— Она сама хотела сюда приехать, — отвечала Розалинда. — Не хотела бы — не приехала. И по-английски она говорит достаточно хорошо. Просто она ужасно, ужасно глупая.
Это, разумеется, была чистая правда.
Розалинда немного продвинулась во французском, но не так, как хотелось бы. Иногда, в дождливые дни, я предлагала им поиграть во что-нибудь, но Розалинда утверждала, что Марсель нельзя научить играть даже в «дурака». «Она не может запомнить, какая карта старше», — презрительно фыркала моя дочь.
Я сообщила Москитику, что у нас с Марсель взаимной приязни не получается.
— О, господи, я была уверена, что Розалинда полюбит Марсель.
— Она ее не любит, — констатировала я. — Совсем не любит. И изобретает всевозможные способы, чтобы мучить бедняжку, бросается в нее разными предметами.
— Розалинда бросается предметами?!
— Да, — подтвердила я, — и становится все более несносной.
В конце концов я решила, что нет смысла продолжать эти мучения. Почему, собственно, мы все должны страдать? Я поговорила с Марсель, промямлив, что, видимо, мы не подходим друг другу и что, вероятно, ей самой будет лучше в другом доме, что я дам ей рекомендацию и постараюсь найти хорошее место, если она не предпочтет вернуться в Швейцарию. Марсель невозмутимо ответила, что была рада повидать Англию, но теперь хотела бы уехать обратно в Берн.
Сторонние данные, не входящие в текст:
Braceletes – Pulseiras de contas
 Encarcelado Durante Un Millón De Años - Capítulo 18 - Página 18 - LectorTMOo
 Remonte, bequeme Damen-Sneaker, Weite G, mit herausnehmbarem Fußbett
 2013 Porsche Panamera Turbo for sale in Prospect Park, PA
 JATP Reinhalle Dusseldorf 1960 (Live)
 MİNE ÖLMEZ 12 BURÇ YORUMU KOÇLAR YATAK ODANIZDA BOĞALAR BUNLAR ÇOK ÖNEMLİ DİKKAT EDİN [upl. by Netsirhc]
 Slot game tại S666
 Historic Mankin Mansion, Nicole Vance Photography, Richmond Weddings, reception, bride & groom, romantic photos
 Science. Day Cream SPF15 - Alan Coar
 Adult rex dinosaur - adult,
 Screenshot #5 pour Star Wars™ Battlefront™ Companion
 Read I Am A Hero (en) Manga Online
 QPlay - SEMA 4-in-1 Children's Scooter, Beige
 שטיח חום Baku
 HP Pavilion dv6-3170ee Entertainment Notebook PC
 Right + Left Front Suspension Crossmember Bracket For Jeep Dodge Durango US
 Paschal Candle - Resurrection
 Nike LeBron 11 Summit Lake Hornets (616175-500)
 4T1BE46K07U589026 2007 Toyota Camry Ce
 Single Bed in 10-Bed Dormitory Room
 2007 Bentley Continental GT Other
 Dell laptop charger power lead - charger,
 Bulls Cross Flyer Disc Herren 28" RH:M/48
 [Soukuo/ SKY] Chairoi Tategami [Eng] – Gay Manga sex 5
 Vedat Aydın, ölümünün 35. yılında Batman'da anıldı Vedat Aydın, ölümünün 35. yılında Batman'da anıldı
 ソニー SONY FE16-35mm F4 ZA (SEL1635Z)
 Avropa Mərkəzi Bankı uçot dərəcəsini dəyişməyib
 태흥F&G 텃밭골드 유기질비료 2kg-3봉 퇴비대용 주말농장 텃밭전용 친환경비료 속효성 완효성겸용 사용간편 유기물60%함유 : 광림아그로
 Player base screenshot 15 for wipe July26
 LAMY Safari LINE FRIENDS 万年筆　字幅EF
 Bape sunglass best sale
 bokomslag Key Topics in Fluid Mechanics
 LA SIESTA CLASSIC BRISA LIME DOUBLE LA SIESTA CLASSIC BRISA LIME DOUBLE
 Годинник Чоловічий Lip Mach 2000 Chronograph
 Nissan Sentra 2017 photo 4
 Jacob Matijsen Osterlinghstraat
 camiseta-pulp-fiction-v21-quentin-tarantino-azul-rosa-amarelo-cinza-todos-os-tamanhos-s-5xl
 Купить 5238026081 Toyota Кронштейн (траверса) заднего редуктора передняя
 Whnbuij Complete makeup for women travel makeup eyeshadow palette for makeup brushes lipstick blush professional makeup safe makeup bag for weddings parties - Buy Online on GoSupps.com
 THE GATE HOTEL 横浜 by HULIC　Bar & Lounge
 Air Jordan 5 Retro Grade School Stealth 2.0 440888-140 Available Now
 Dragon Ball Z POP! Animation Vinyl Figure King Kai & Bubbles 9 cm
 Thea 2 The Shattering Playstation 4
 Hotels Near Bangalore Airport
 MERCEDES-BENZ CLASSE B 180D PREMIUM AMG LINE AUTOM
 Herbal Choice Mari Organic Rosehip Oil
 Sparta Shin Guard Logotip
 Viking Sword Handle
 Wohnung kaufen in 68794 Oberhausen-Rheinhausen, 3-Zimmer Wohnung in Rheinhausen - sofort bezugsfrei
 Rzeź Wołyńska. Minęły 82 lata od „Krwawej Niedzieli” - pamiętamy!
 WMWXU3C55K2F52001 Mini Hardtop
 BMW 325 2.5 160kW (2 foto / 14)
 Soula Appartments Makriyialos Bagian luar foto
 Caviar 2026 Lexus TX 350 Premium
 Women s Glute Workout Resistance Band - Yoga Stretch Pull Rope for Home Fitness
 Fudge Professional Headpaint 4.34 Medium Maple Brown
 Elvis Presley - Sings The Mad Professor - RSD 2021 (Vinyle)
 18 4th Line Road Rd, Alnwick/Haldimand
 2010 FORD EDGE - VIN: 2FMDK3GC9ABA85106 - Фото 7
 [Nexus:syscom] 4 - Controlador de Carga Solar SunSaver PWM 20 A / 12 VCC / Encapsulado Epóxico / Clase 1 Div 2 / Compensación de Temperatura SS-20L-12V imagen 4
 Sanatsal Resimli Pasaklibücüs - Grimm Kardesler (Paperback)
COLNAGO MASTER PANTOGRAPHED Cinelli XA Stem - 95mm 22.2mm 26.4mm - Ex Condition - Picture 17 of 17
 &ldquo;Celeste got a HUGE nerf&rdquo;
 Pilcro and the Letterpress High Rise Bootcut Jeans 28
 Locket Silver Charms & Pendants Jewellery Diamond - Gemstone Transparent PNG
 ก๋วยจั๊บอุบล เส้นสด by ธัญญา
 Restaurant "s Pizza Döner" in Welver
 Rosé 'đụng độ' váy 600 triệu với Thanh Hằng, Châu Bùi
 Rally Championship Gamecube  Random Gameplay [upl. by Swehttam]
Мы попрощались, я настояла, чтобы она взяла жалованье за лишний месяц, и решительно настроилась найти кого-нибудь другого на ее место.
На сей раз я задумала взять женщину, которая выполняла бы обязанности и секретаря, и гувернантки. Когда Розалинде исполнится шесть лет, она будет по утрам ходить в школу, и ее гувернантка могла бы несколько часов быть в моем распоряжении — печатать или стенографировать. Может быть, я могла бы диктовать ей свои литературные опусы. Эта идея мне очень понравилась. Я дала объявление в газету: ищу женщину присматривать за пятилетним ребенком, который скоро пойдет в школу, и исполнять обязанности секретаря-машинистки-стенографистки. «Предпочту шотландку», — добавила я. Понаблюдав за другими детьми и их воспитательницами, я пришла к выводу, что шотландки справляются с маленькими ребятишками лучше всех. Француженки совершенно не умеют заставить своих подопечных соблюдать дисциплину, и те их просто изводят; немки хороши и педантичны, но я ведь хотела учить Розалинду не немецкому. Ирландки веселы, но от них в доме все вверх дном. От англичанок можно ожидать чего угодно. Я мечтала о шотландке.
Отобрав несколько предложений, пришедших в ответ на мое объявление, в один прекрасный день я отправилась в Лондон, в небольшой частный отель неподалеку от Ланкастер-гейт, где у меня была назначена встреча с некой мисс Шарлоттой Фишер. Мисс Фишер мне сразу же понравилась: высокая шатенка лет двадцати трех, не новичок в работе с детьми, производит впечатление очень расторопного человека и, помимо внешней привлекательности, обладает каким-то особым шармом. Ее отец был королевским капелланом и настоятелем собора святого Коломба в Эдинбурге. Она умела печатать на машинке и стенографировать, правда, делать это ей приходилось не часто. Ей понравилось мое предложение совмещать обязанности секретаря и няни.